Conclusion stratégique
Le défi allemand de la transmission d’entreprise ne consiste pas seulement à trouver des personnes plus jeunes prêtes à reprendre des entreprises. Il consiste aussi à rendre les reprises finançables.
Les prêts KfW peuvent soutenir des projets de succession de petite ou de grande taille, mais ils restent des prêts bancaires soutenus par un dispositif public, et non des subventions. Les Bürgschaftsbanken peuvent aider lorsque les garanties sont insuffisantes, mais elles ne remplacent pas un dossier d’acquisition viable. Le soutien BAFA au conseil peut aider les entreprises à se préparer aux défis de gestion, de finance, d’organisation et d’après-transmission, mais il ne finance pas l’achat lui-même. nexxt-change peut aider repreneurs et cédants à se rencontrer, mais la mise en relation n’est que la première étape.

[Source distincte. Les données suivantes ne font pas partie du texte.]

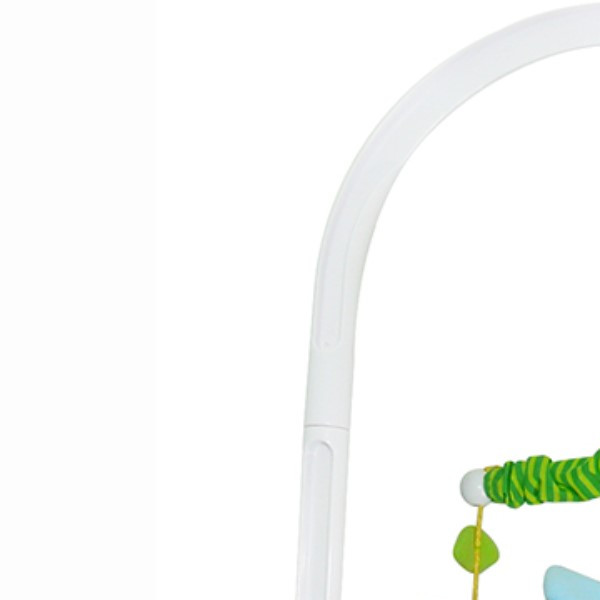 Biba Toys muzička vrteška drugari iz džungle - lux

Pour réussir une transmission de PME en Allemagne, l’opération doit reposer sur un prix réaliste, des flux de trésorerie crédibles, un apport personnel, la confiance de la banque, une stratégie de garantie lorsque c’est nécessaire, une vérification préalable et un plan clair de continuité. Les successeurs les plus solides ne sont pas simplement ceux qui trouvent une entreprise à acheter. Ce sont ceux qui peuvent montrer comment l’entreprise restera stable, remboursera le financement, conservera ses salariés et ses clients, puis investira dans sa prochaine étape.
Dans le tissu vieillissant des PME allemandes, c’est le véritable défi du financement : non seulement transférer la propriété, mais financer la continuité.